Julia programs now shown on benchmarks game website

igouy · January 24, 2019, 7:49pm

Hopefully, now that Julia 1.1.0 has landed, some more programs from BenchmarksGame.jl will make it to the benchmarks game website.

ninjaaron · January 25, 2019, 10:52am

Doesn’t look like it.

igouy · January 25, 2019, 6:34pm

I expect the program authors are busy doing other stuff, and will eventually contribute their programs to the benchmarks game.

Olof_Salberger · May 17, 2019, 5:14pm

Benchmarks game website added comparisons to Fortran and Chapel.

I wrote my own benchmark for reverse complement since it is currently the slowest up there, and managed to bring down memory use to competitive with the best from other languages. Haven’t submitted anything though.

github.com

saolof/languageshootout.jl/blob/master/reverse_complement.jl

# Implementation by Olof Salberger.
#
# Mostly written to cut down on memory usage & unnecessary copies 
# without sacrificing readability, while also being an order of magnitude
# speedup over current benchmarks game implementation.

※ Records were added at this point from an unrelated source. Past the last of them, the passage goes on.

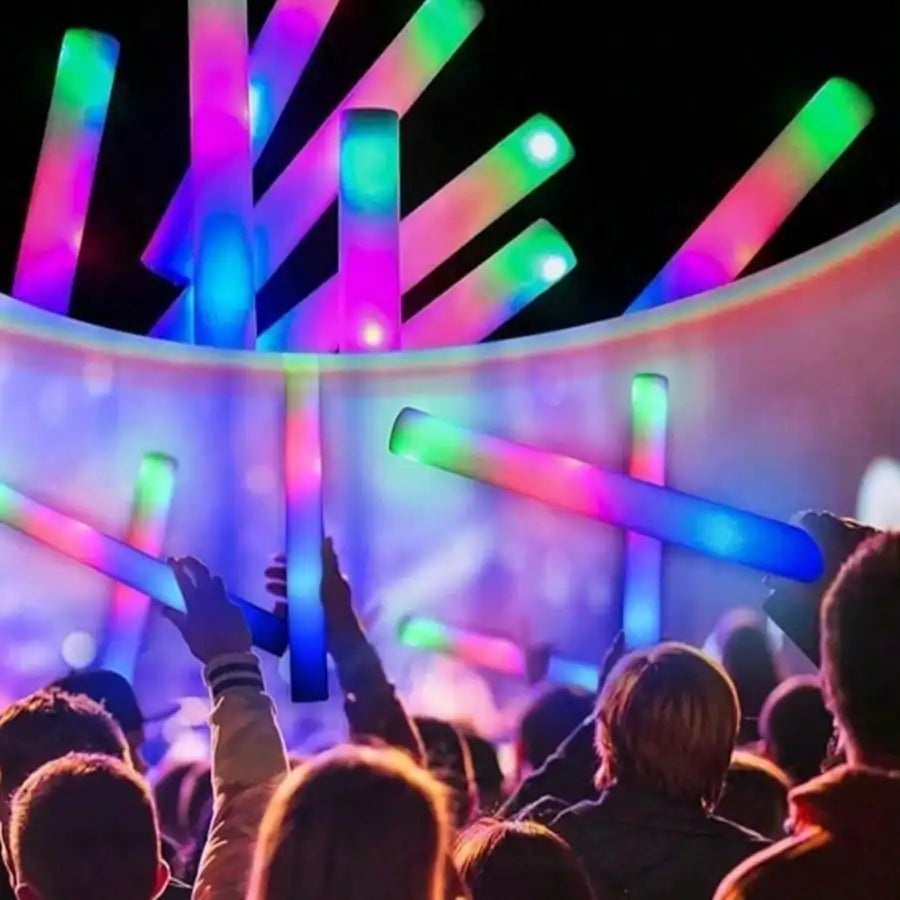 100Pcs Foam Glow Sticks With 3 Flash Modes For Parties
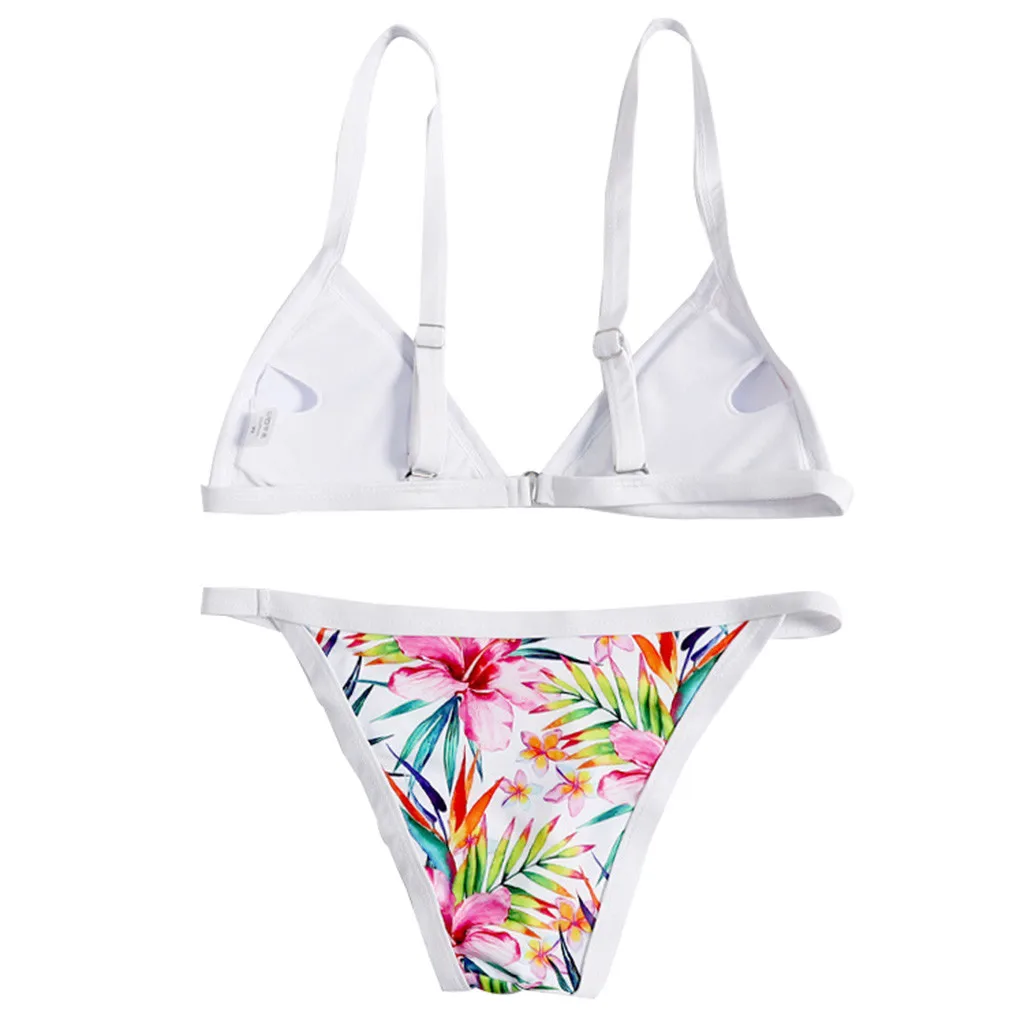 Beachwear Bikini Swimsuit Plus Size Swimwear Women 2019 Push Up Outdoor Sports Printed Bandage Padded Large Bather | Спорт и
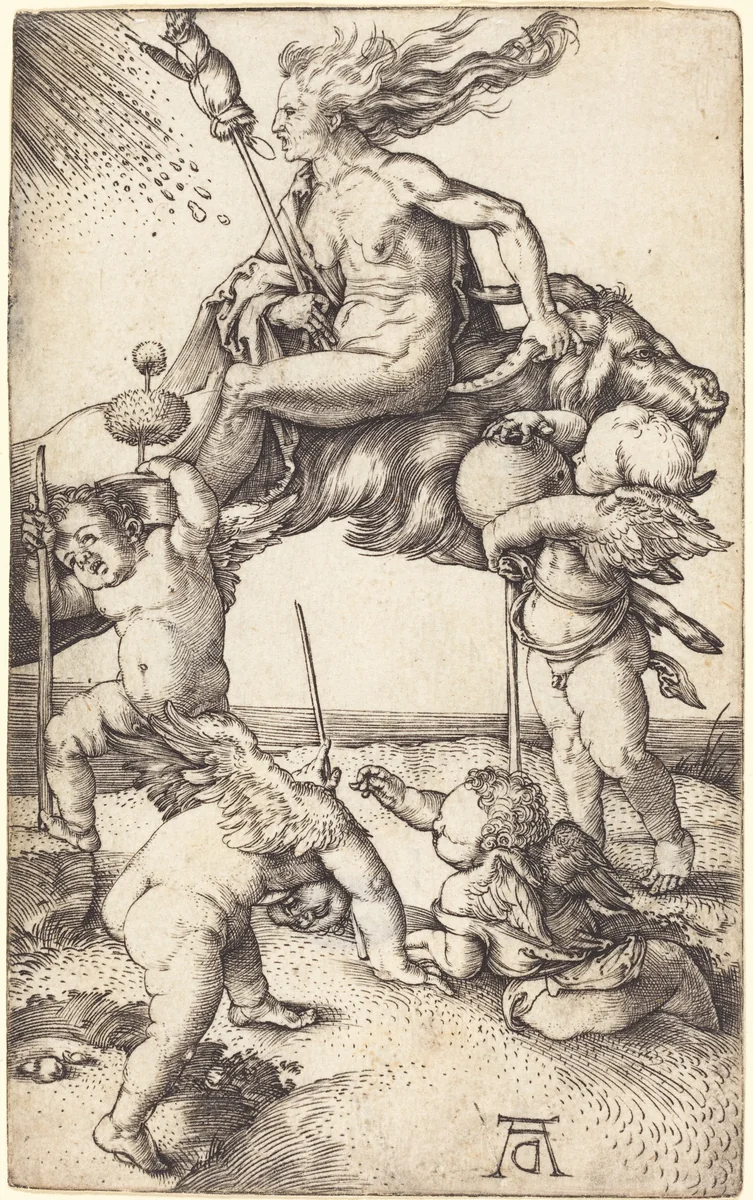 Witch Riding on a Goat by Albrecht Dürer, print, 1500-1501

#                                         ABCDEFGHIJKLMNOPQRSTUVWXYZ      abcdefghijklmnopqrstuvwxyz
const complement_hasharr = Vector{UInt8}("TVGH  CD  M KN   YSAABW R       TVGH  CD  M KN   YSAABW R")
complement(charbyte::UInt8)  = @inbounds complement_hasharr[charbyte - 0x40]

function reversemap!(f,v::AbstractVector{UInt8}, s=first(LinearIndices(v)), n=last(LinearIndices(v)))
    r = n
    i = s
    @inbounds while true
        while v[i] < 0x41   # Breaks utility as a generic function,
           i+=1             # but makes it skip non-alphabetic
        end                 # characters without introducing
        while v[r] < 0x41   # unnecessary copies or extra passes
           r-=1             # and without hardcoded line widths.
        end                 #

This file has been truncated. show original

Still not fully optimized and mostly written for readability (hopefully). Feel free to suggest improvements.

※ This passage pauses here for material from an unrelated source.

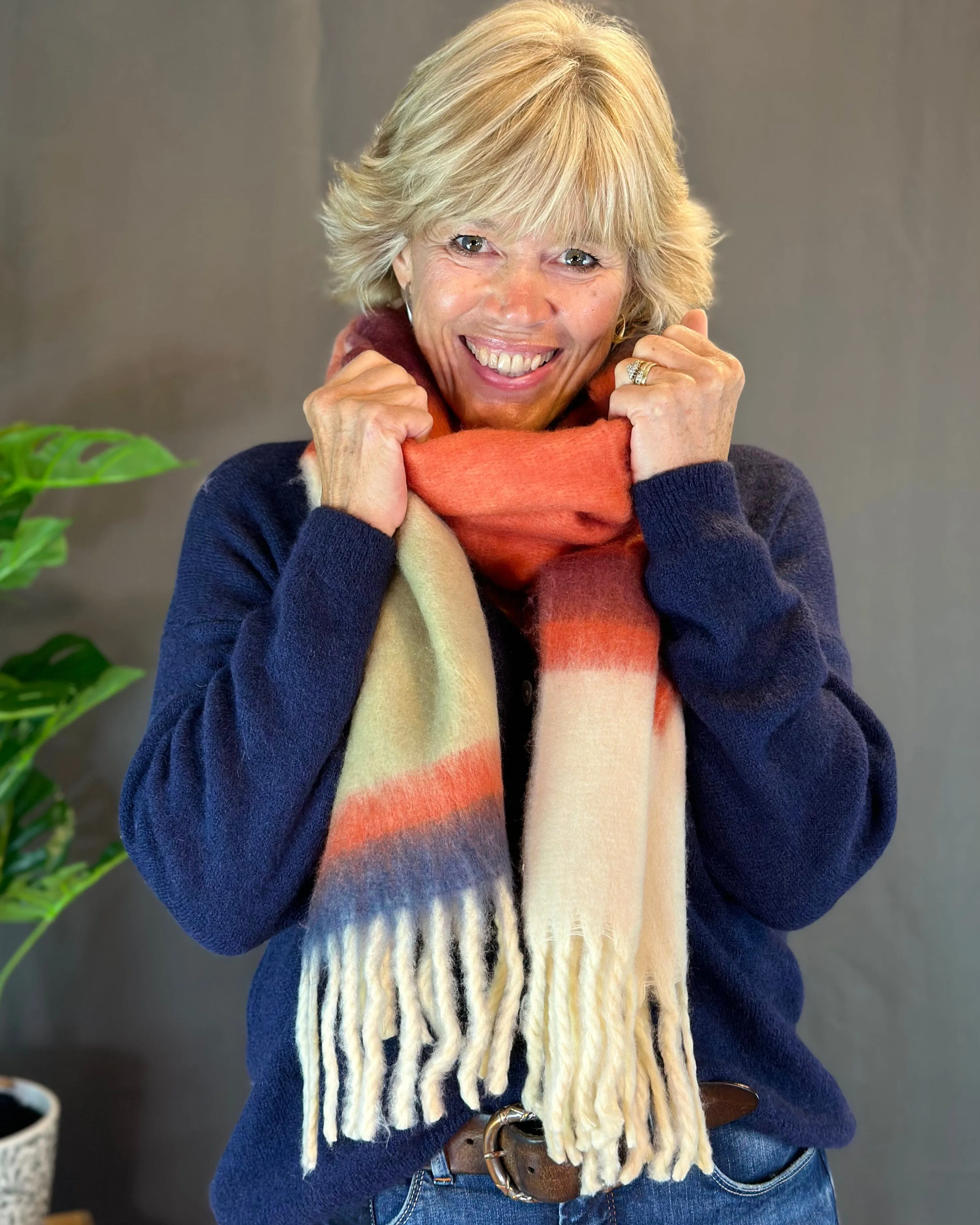 Cosy Winter Striped Scarf - Orange/Cream/Dusky Blue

Juan · May 18, 2019, 2:06am

Unfortunatelly the benchmarks game site doesn’t update the results.

Olof_Salberger · May 18, 2019, 8:32pm

Made some further changes. Just submitted my benchmark as a PR on their repo. I don’t expect too much from it.

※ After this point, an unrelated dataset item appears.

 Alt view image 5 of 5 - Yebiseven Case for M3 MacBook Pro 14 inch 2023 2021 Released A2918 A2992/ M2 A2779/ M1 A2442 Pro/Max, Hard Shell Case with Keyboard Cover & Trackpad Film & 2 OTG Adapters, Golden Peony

I think that having a decent showing on the benchmarks game is a relatively important thing to do from a PR perspective if we want to tell people that the language is fast. The language has been post-1.0 for almost a year now.

Karajan · May 19, 2019, 4:57pm

Nice!
Your code looks, however, like you are not doing a “read line-by-line”: body = readuntil(instream,UInt8('>'))? This is the part where I broke my neck trying to reach Kristoffers speeds, because you can’t really allocate memory for the whole string until you know how long it’s going to be.

I got down to maybe 40% of the current time, while Kristoffer & Crew are somewhere around 15% on my computer

igouy · May 20, 2019, 7:45pm

Yeah.

Olof_Salberger · May 20, 2019, 8:16pm

Ugh. That’s an absolutely stupid way to read a big block of text into memory, or even to parse a formated stream.

Okay, that can still be made fast with BufferedStreams.jl at the cost of extra memory use. I’ll write a version based on that, and rewrite a basic implementation of InputStreams myself if I get complaints over dependencies. The Golang solution gets to use BufIO. Big question is whether or not you are allowed to use anchors.

foobar_lv2 · May 20, 2019, 8:39pm

I think your code is fine and the point is simply that it must work interactively: Whenever you get sent enough input that there is a newline, you need to process and flush output and are disallowed from waiting (blocking) for more input. It is not permissible to wait until EOF with the processing.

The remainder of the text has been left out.